This practice note provides an overview of the federal and state agencies regulating hemp and cannabidiol (CBD) products, as well as an overview of current federal and state regulations and requirements for the marketing and sale of CBD products.

Federal Legalization of Industrial Hemp and CBD

Prior to 2018, industrial hemp and industrial hemp-derived compounds, such as CBD, were considered “marihuana” under federal law. Until that time, marihuana compounds were identified as Schedule 1 substances under the Controlled Substances Act of 1970, 21 U.S.C. §§ 801–971 (Ch. 13 Drug Abuse Prevention and Control) (CSA).

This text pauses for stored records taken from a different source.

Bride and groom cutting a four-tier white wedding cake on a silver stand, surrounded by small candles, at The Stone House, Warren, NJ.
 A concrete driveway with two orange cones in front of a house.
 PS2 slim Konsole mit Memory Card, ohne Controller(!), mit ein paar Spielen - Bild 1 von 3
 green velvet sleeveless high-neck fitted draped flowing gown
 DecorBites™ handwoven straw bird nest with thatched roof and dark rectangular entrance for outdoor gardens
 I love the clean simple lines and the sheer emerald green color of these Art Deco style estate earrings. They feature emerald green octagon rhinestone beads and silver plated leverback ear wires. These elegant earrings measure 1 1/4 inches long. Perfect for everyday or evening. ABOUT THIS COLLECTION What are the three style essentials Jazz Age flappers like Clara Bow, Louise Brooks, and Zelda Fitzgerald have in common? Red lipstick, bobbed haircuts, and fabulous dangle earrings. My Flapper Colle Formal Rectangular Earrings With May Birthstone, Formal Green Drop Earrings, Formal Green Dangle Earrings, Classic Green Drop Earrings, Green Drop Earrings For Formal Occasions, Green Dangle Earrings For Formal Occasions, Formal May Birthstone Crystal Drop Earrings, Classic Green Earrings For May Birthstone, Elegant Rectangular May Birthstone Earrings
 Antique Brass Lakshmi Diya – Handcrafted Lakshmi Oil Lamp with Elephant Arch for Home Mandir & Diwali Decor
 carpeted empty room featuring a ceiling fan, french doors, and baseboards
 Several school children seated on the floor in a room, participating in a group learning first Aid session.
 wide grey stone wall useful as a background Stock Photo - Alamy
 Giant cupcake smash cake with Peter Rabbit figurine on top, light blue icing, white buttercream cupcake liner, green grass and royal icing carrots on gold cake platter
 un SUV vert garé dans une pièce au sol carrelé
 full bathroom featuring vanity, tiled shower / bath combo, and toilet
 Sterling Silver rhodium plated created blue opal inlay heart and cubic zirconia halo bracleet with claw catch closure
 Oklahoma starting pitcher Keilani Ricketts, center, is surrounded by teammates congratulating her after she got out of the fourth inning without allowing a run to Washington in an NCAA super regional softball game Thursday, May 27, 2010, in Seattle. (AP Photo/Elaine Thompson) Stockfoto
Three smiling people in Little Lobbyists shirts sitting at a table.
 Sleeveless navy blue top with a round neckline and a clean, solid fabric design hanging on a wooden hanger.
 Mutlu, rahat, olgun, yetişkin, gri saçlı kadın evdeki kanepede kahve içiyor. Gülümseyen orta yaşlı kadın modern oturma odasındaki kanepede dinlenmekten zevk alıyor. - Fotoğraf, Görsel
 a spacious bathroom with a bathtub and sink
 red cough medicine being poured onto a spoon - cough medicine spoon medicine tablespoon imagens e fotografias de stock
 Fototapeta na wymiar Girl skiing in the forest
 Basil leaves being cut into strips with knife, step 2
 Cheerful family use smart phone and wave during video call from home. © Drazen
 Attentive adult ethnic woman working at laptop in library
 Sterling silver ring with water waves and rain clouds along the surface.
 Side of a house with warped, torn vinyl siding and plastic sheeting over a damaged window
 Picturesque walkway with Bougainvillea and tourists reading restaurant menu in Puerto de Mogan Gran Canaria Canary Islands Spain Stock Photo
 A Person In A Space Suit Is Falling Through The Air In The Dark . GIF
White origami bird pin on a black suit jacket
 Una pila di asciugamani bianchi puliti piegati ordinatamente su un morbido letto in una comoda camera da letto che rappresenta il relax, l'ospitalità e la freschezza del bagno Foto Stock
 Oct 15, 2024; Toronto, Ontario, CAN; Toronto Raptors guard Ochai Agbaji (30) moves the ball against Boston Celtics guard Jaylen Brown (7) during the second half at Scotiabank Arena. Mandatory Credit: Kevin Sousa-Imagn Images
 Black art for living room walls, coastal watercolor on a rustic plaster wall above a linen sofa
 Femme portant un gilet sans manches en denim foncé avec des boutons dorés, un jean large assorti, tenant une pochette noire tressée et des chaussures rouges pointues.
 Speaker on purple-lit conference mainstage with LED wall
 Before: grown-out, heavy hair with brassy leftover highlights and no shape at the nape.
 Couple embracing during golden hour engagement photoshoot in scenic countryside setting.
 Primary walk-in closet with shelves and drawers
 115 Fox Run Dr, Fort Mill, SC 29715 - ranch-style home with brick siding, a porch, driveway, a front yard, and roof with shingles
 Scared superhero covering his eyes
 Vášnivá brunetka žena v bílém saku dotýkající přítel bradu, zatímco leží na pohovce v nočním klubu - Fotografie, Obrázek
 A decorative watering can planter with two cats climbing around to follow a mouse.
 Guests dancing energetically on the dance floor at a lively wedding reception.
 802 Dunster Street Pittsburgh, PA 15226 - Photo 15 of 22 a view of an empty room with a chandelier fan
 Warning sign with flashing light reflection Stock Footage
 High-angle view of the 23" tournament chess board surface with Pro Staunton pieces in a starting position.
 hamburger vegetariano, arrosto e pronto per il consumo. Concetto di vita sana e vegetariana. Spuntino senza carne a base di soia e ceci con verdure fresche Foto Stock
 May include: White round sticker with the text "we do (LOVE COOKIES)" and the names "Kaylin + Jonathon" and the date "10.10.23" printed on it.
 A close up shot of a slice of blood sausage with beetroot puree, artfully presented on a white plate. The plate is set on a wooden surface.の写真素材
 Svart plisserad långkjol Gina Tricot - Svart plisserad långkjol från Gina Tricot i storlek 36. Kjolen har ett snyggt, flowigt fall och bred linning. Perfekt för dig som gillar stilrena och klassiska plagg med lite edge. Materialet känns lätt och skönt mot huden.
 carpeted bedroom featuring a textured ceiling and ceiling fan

The Agricultural Improvement Act of 2018 (2018 Farm Bill), which became U.S. law in December 2018, expressly removed “hemp” from the definition of “marihuana” under the  CSA, thereby legalizing industrial hemp and industrial hemp-derived compounds. Under the 2018 Farm Bill, hemp was defined as “the plant Cannabis sativa L. and any part of that plant, including the seeds thereof and all derivatives, extracts, cannabinoids, isomers, acids, salts, and salts of isomers, whether growing or not, with a delta-9 tetrahydrocannabinol concentration of not more than 0.3% on a dry weight basis.”